Tuesday, March 07, 2017

China Should Focus on Benefits of ‘One Road’
By Mei Xinyu
Global Times
2017/3/8 0:23:39

Illustration: Peter C. Espina/GT

China's One Belt and One Road initiative, or the Silk Road Economic Belt and the 21st-century Maritime Silk Road initiative, should prioritize the development of the "One Road."

In terms of economic volume and market capacity, the countries and regions along the Maritime Silk Road far exceed those along the Silk Road Economic Belt. As the world's largest exporter, manufacturer and second largest economy, China should not waste excessive resources on a few small markets while ignoring bigger ones.

Due to the differences in transport capacity, costs, efficiency and security, it would be a fantasy and unprofessional to believe that the international railway along the belt can replace transport by sea. International rail transport can only be a supplement to sea transport. This is true for not only China's foreign trade but also global trade.

For China, water transport has an absolute advantage in terms of transport capacity and costs. According to official data, China's total cargo turnover reached 17.84 trillion ton-kilometer in 2015. Cargo turnover from water transport reached 9.18 trillion ton-kilometer, accounting for 51.5 percent of the total, while railway cargo turnover was 2.38 trillion ton-kilometer. For water transport, ocean cargo turnover was 5.42 trillion ton-kilometer, more than double that of the total railway cargo turnover.  

The cost advantage makes water transport more suitable for long-distance transportation. Partly due to this, ocean transport carries more than 90 percent of China's foreign trade cargo, including 98 percent of imported iron ore, 91 percent of imported crude oil, 92 percent of imported coal and 99 percent of imported grain.

Meanwhile, the advantage of ocean transport over China-Europe Railway Express services is obvious in terms of cost and traffic volume. Although goods delivery via China-Europe Railway Express services takes only one-third of the time as sea route delivery, the cost is much higher. Take a 40-foot shipping container for example. The cost of shipping the 40-foot container from China to Europe by railway is around $6,000, at least three or four times that by sea. Even if a double deck container is adopted for China-Europe Railway Express services, the costs will still be double that of ocean shipping. Also compared with ocean transport, technical innovation of cross-border rail transport involves a lot of coordination.

The cargo volume on China-Europe Railway Express services is much smaller than by sea. According to data from the Belarusian Railway, 47,800 20-foot equivalent unit (TEU) containers were transported between China and Europe via Belarus in 2015, up 40 percent year-on-year. CSCL Globe, the world's largest container ship operated by China Shipping Container Lines (CSCL), can carry 19,100 TEU containers. Currently, a regular container ship from China can carry more than 8,000 TEU containers. This means that the annual cargo traffic on the Belarusian Railway could be handled by six standard container ships from China or two and half CSCL Globe vessels.

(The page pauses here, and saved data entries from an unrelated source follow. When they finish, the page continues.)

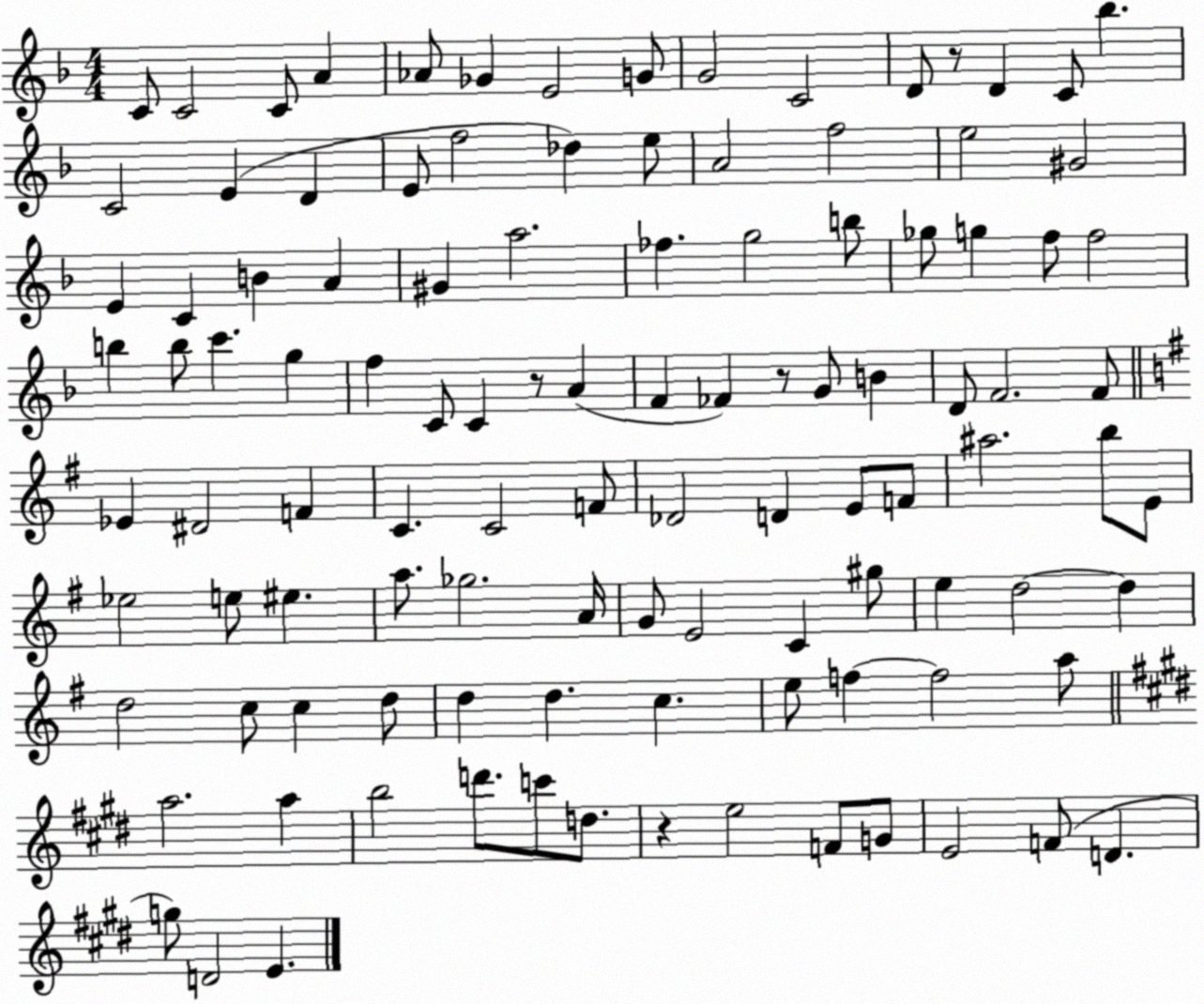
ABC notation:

X:1
T:Untitled
M:4/4
L:1/4
K:F
C/2 C2 C/2 A _A/2 _G E2 G/2 G2 C2 D/2 z/2 D C/2 _b C2 E D E/2 f2 _d e/2 A2 f2 e2 ^G2 E C B A ^G a2 _f g2 b/2 _g/2 g f/2 f2 b b/2 c' g f C/2 C z/2 A F _F z/2 G/2 B D/2 F2 F/2 _E ^D2 F C C2 F/2 _D2 D E/2 F/2 ^a2 b/2 E/2 _e2 e/2 ^e a/2 _g2 A/4 G/2 E2 C ^g/2 e d2 d d2 c/2 c d/2 d d c e/2 f f2 a/2 a2 a b2 d'/2 c'/2 d/2 z e2 F/2 G/2 E2 F/2 D g/2 D2 E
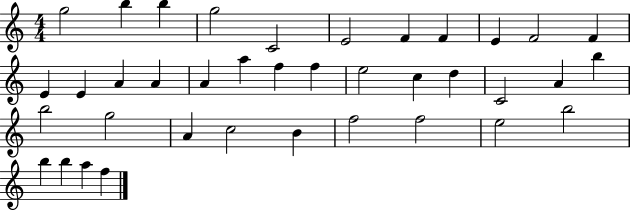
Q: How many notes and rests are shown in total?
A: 38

High-speed rail and heavy haul rail technologies are some of China's greatest strengths. The loading capacity of heavy haul trains in China is around 30,000 tons per train, ranking No.2 in the world behind the US which has a loading capacity of 44,000 tons. However, heavy haul trains in China and the US mostly carry primary commodities, such as coal and ore, and container capacity cannot reach that level. China's domestic railway can set world records in terms of speed and departure frequency, but international railway services cannot accomplish the same results.

Compared with land transport such as railways, roads and pipelines, ocean transport has a key advantage - it is basically free from the influence of local governance, social stability and diplomacy of the countries along the route. In contrast, land transport is susceptible to diplomatic changes which can cause uncertainty and raise costs.  

In the global natural gas market, natural gas in East Asia was historically priced at a premium to US and European hub prices. However, given the surge in liquefied natural gas trade by ocean transport, that premium is shrinking and is expected to diminish even more in the future. This reflects the advantage of ocean transport.

Certainly security issues cannot be overlooked. But if we deliberately avoid the sea route to seek security, the mentality is both unrealistic and wrong. As the world's largest manufacturer and shipbuilder, China is seeing its maritime strength continue to grow. Additionally, it is more cost effective for China to seek stability on sea route shipping than on land. In drafting its security strategy, China needs to look into the future instead of merely focusing on the present.